A custom subset (e.g., "only emojis used in our app") would require a fork or a wrapper package that pre-filters at build time. Out of scope for this package.
## Memory footprint
Per-process overhead:
- **Catalog** — ~5 MB resident (parsed JS object representation of the 543 KB JSON)
- **Code** — ~50 KB
- **`@twemoji/parser`** — ~50 KB
Loaded once per process; doesn't grow with usage.
In Node, the catalog is the biggest single string-heavy object in `process.memoryUsage().heapUsed` for any app that uses this package and not much else.
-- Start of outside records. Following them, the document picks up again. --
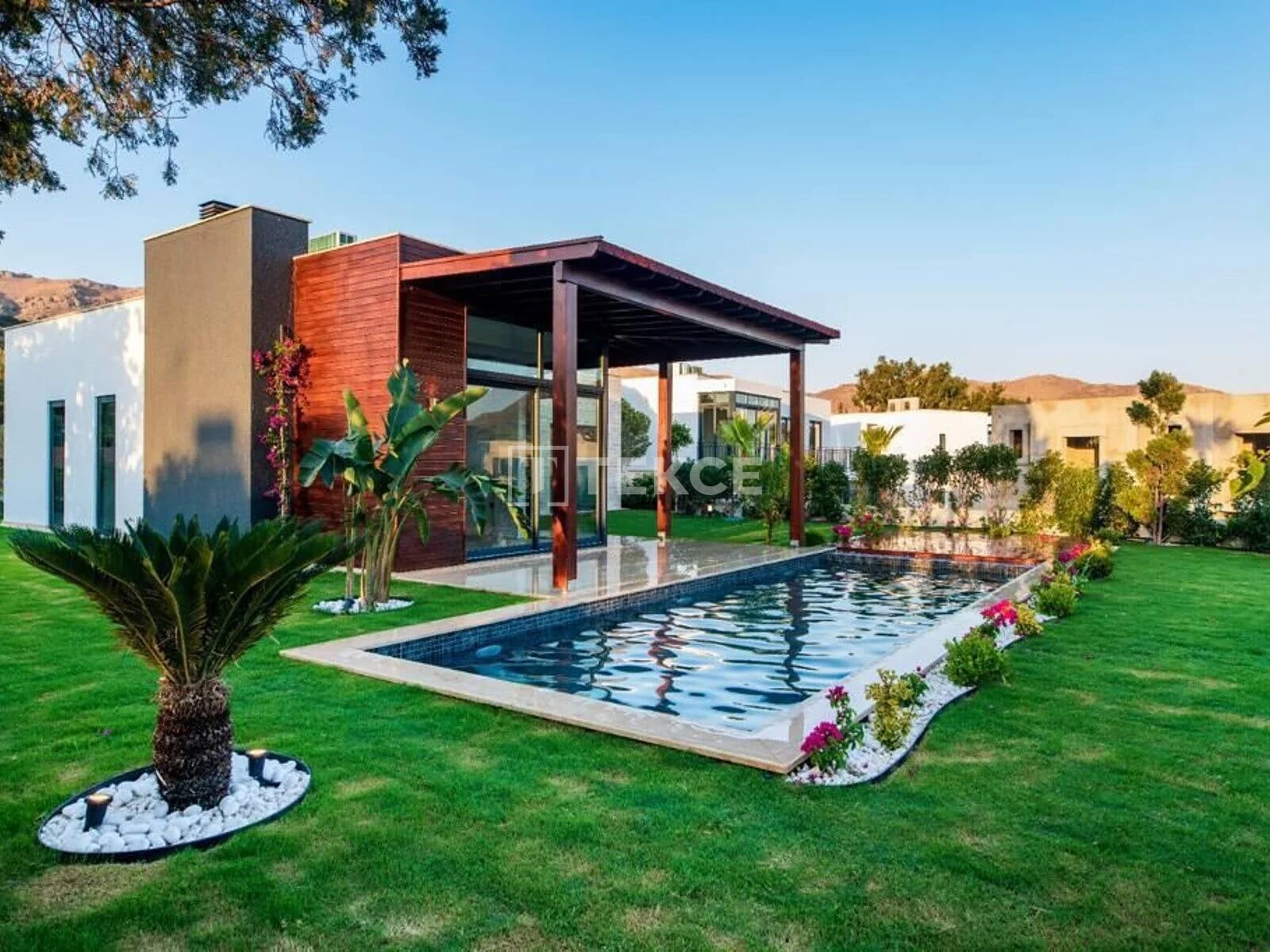 3-Bedroom Villa with Private Pool and Garden in Bodrum, photo 4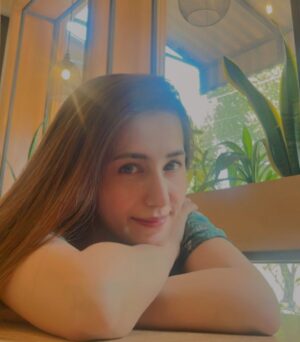 Hiba Aziz Instagram - Morning: tired 
Afternoon: dying for rest 
Night:can’t sleep 

اس سفر میں نیند ایسی کھو گئی 
ہم نہ سوئے رات تھک کر سو گئی

ہائے اس پرچھائیوں کے شہر میں 
دل سی اک زندہ حقیقت کھو گئی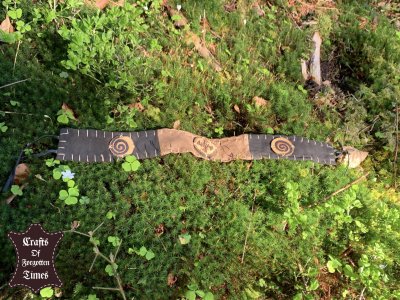 Diverse Stirnbänder aus Wildleder oder Hirschfell mit Seiten Symbolik 10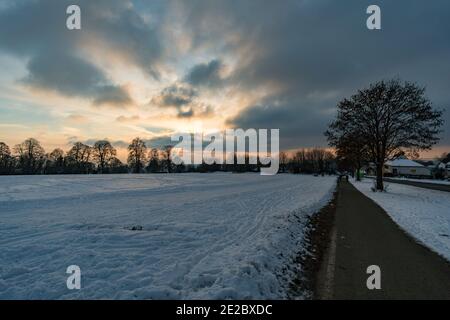 Traumhafte verschneite Winterlandschaft bei Heiligenberg am Bodensee, zum Skifahren, Rodeln und Wandern Stockfoto
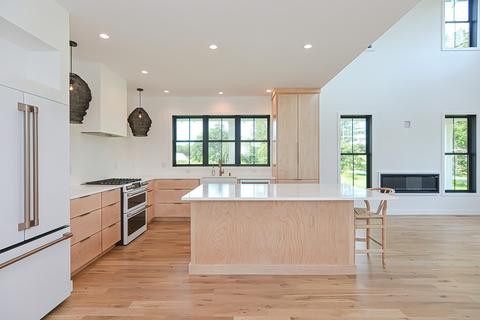 111 Christian Hl, Upton, MA 01568 photo 3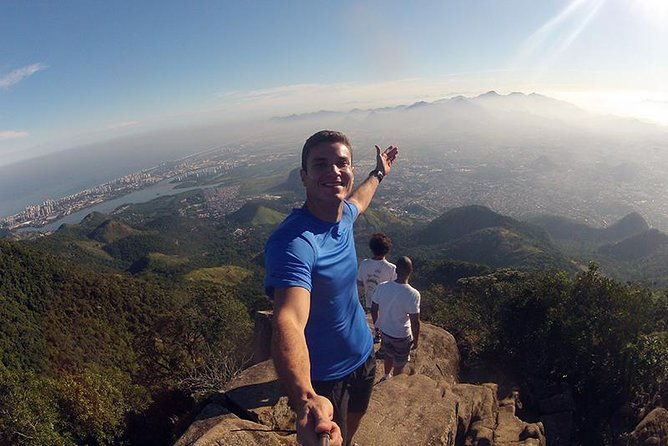 bico-do-papagaio-hiking-tour-at-tijuca-national-park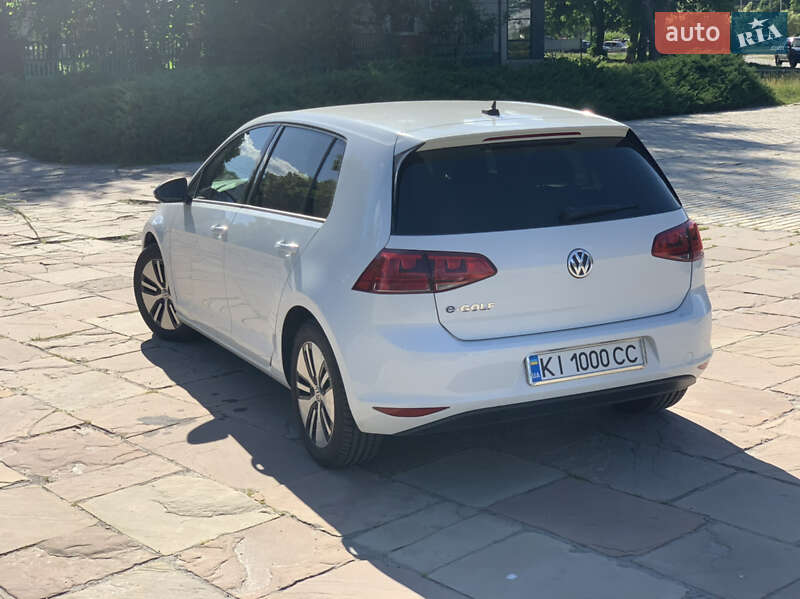 Хэтчбек Volkswagen e-Golf 2016 в Белой Церкви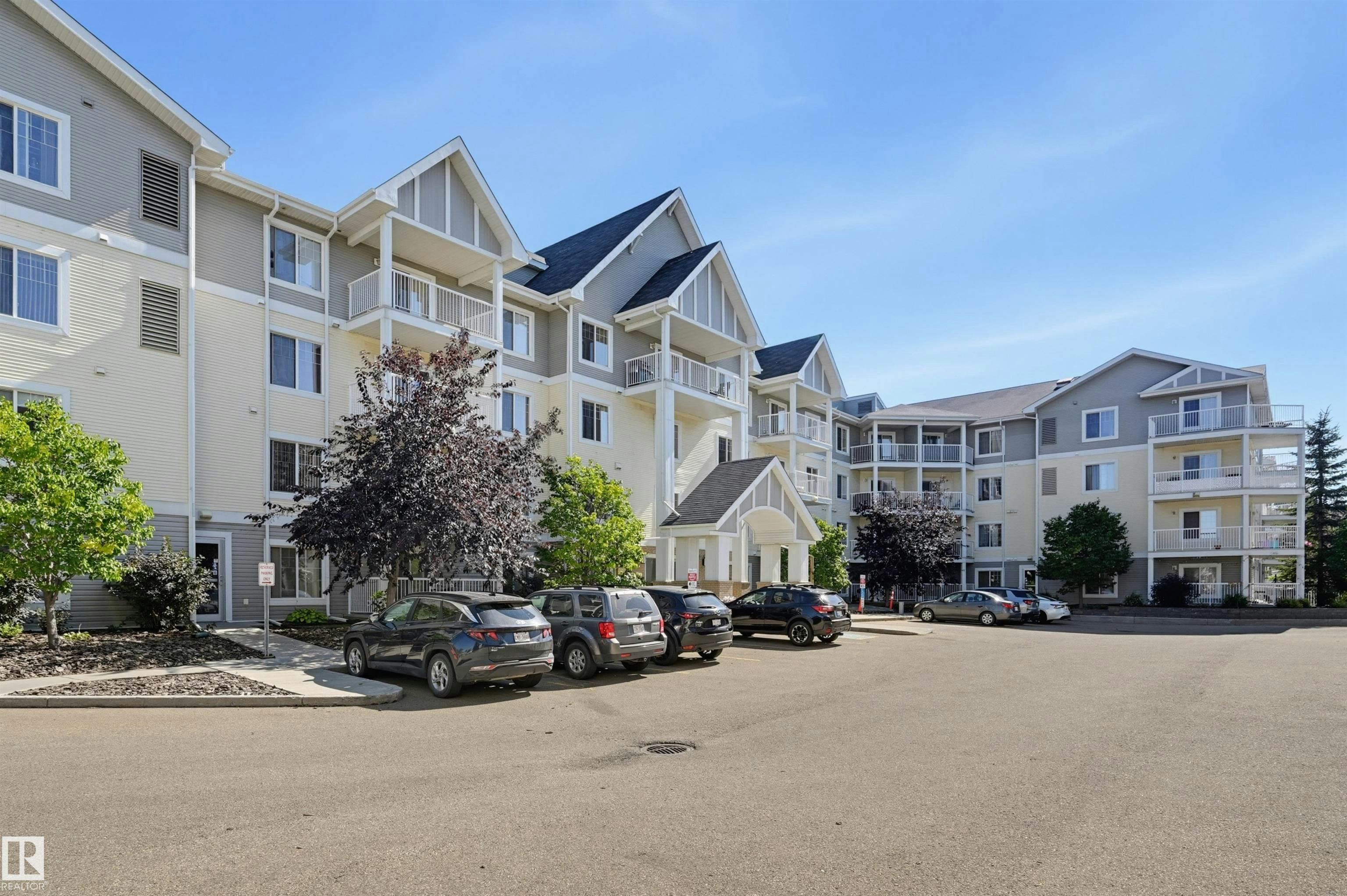 208-2204 44 Avenue, Edmonton, AB, T6T 0G5
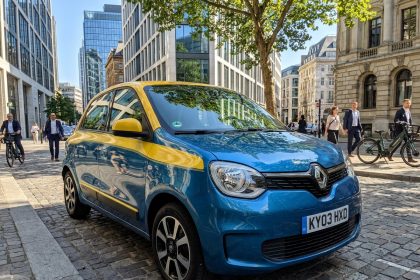 Twingo électrique modèle 2026 en stationnement urbain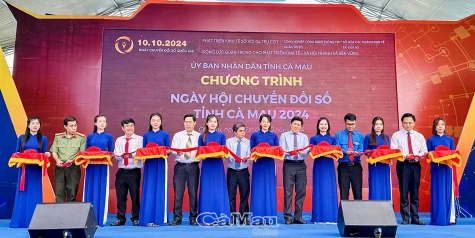 Sôi nổi Ngày hội Chuyển đổi số tỉnh Cà Mau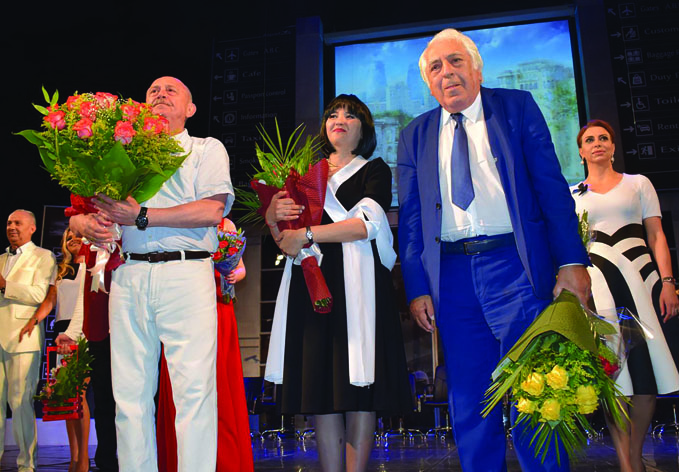 К80-летнему юбилею Анара: «Уйди из моих снов»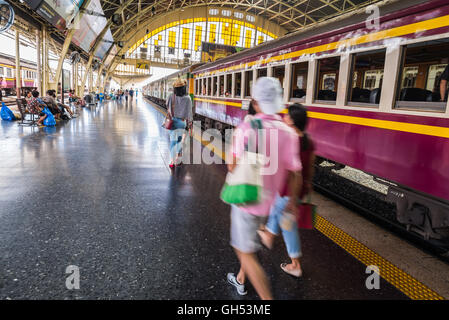 Marche de passagers au parc train diesel platfrom numéro 6 à Bangkok en Thaïlande Banque D'Images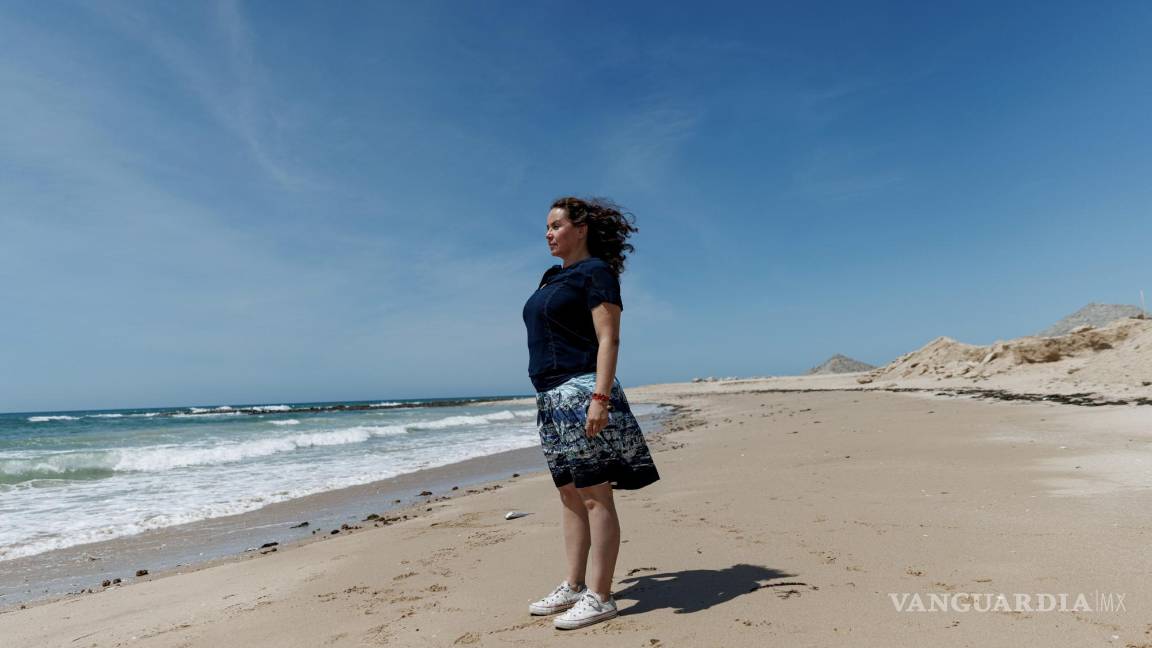 $!Nélida Barajas Acosta, directora ejecutiva del grupo ecologista CEDO intercultural, en la playa de Puerto Peñasco, México.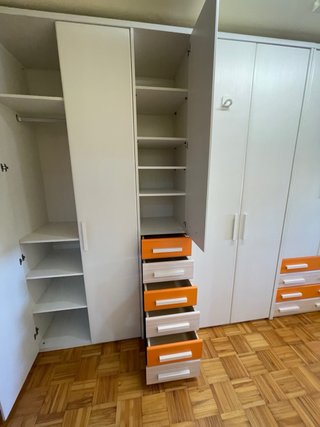 Armario modular se puede vender por separado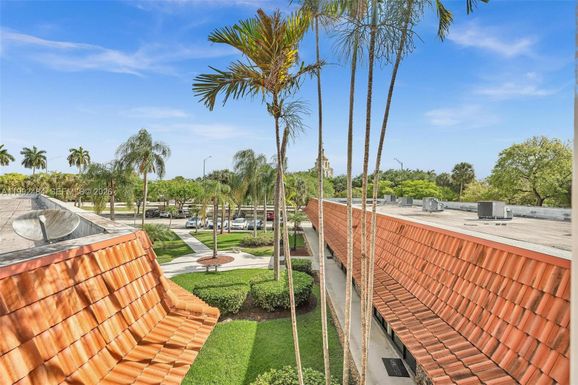 201 N University Dr # 17A, Plantation FL 33324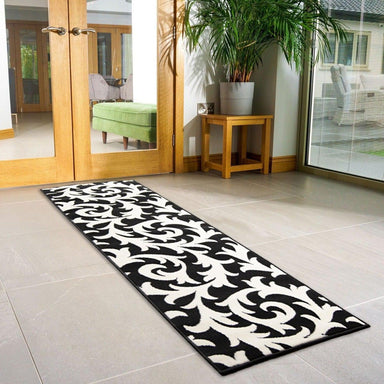 Black And White Runner | Bargainia.com | Free UK Delivery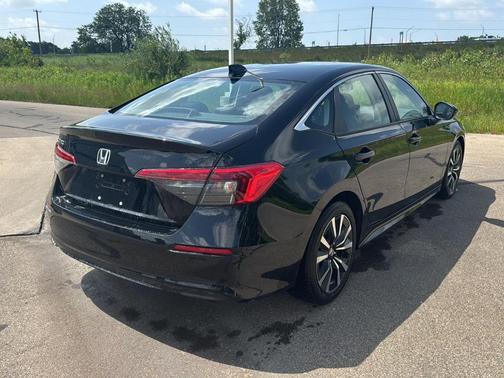 Crystal Black Pearl 2024 Honda Civic EX
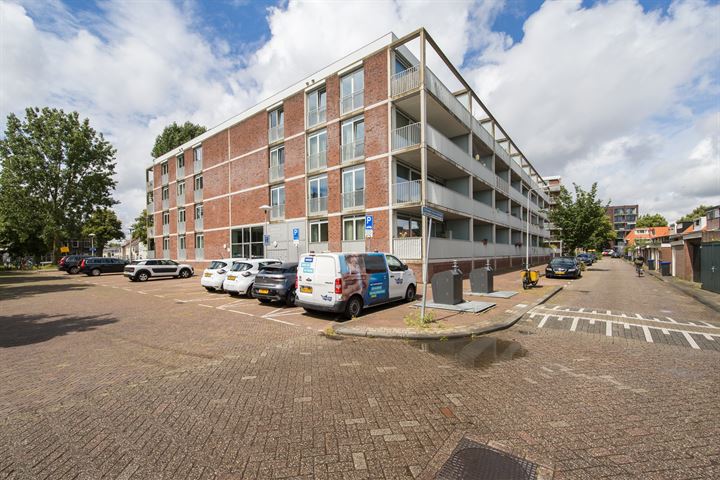 Bekijk foto 35 van Broeder Alarmstraat 39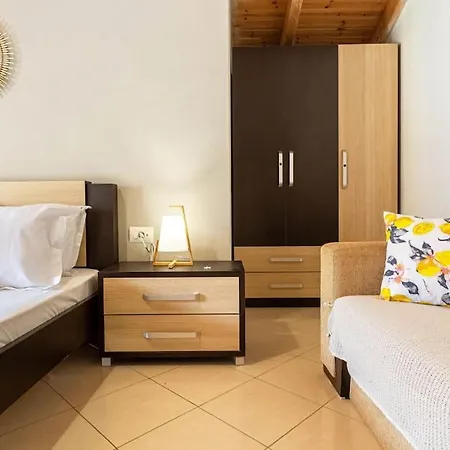 Potam'sea Bliss 37- Front, Sun Beds&parking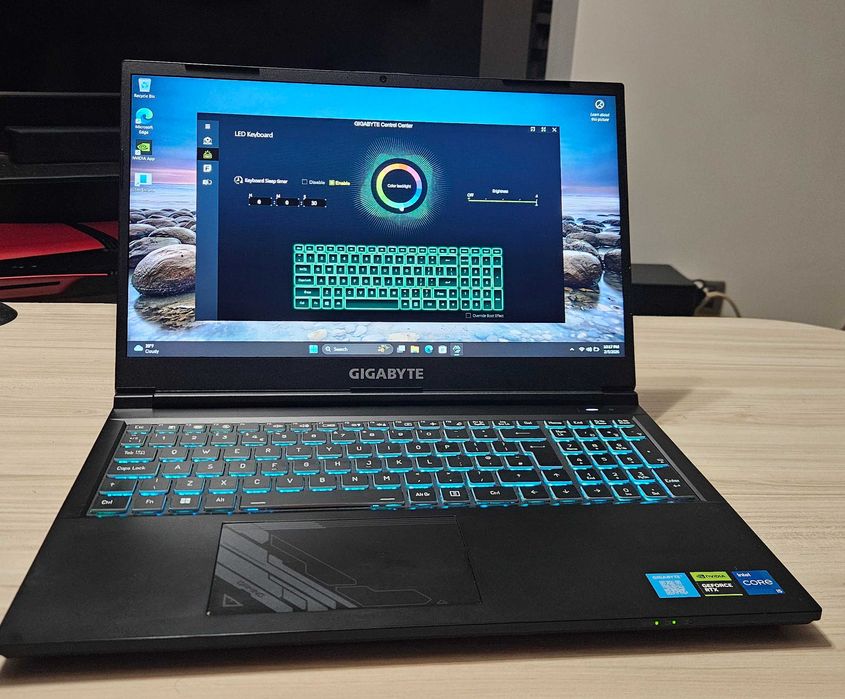 Gigabyte G5 KF RTX 4060/i5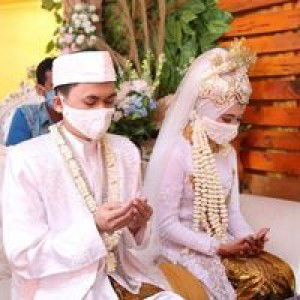 Desy Nastasari profile icon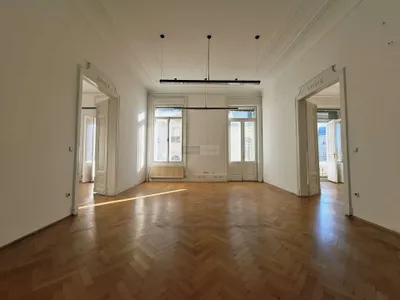 8-Zimmer-Gewerbeimmobilie mieten in Wien – 303 m², € 8.269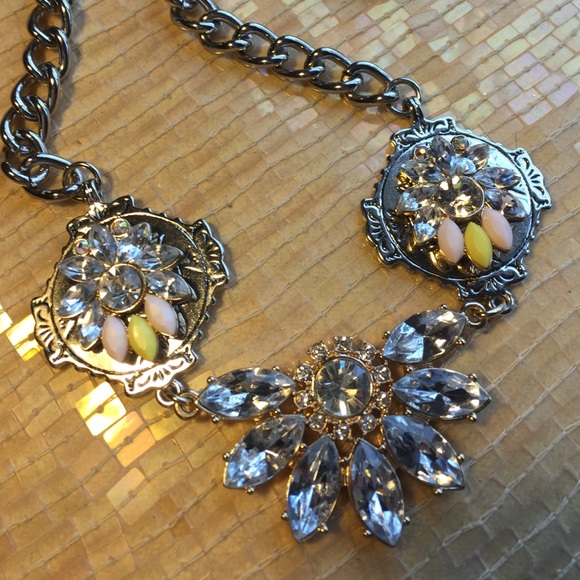 Juicy Couture Jewelry - Juicy Couture statement necklace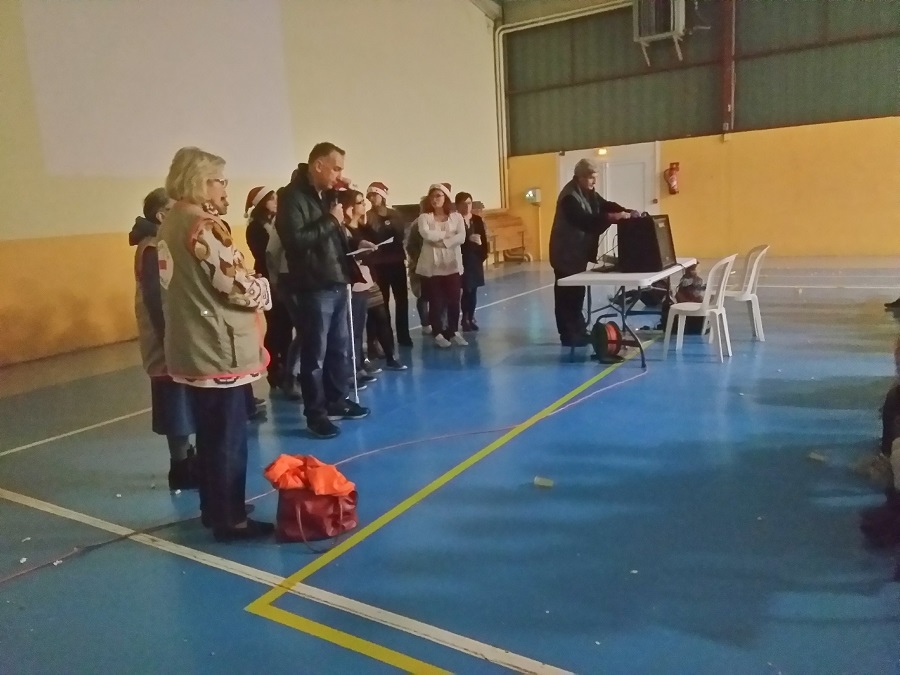 l'équipe de kirikou acceuillle les familles au noel pour tous 2017.jpg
Not a problem for typical Node servers; relevant for memory-constrained environments (256 MB Lambdas, Cloudflare Workers).
## Throughput benchmarks
We don't have a wired-up benchmark suite. Rough numbers from manual measurement (Node 22 on M1):
| Operation | Input | Latency |
| ---------------------------------------------- | ----------------------------------- | -------------------------------------- |
| `parse('hello')` | No emojis | < 0.1 ms |
| `parse('hello :smile: 🚀')` | 2 emojis, 1 shortcode | ~0.3 ms |
| `parse(<200 char chat message with 5 emojis>)` | Realistic chat | ~0.5 ms |
| `parseToShortcode('🚀 ⭐️ ❤️ 😎 🔥')` | 5 unicodes | ~0.8 ms (regex construction dominates) |
| `parseToShortcode(<1 KB text>)` | Same alternation regex, longer scan | ~1.5 ms |
| `parseToHtml(<1 KB text with 20 emojis>)` | Full pipeline | ~2 ms |
Twemoji's `parse()` is the dominant cost in `parseToHtml`. Catalog lookups are sub-microsecond.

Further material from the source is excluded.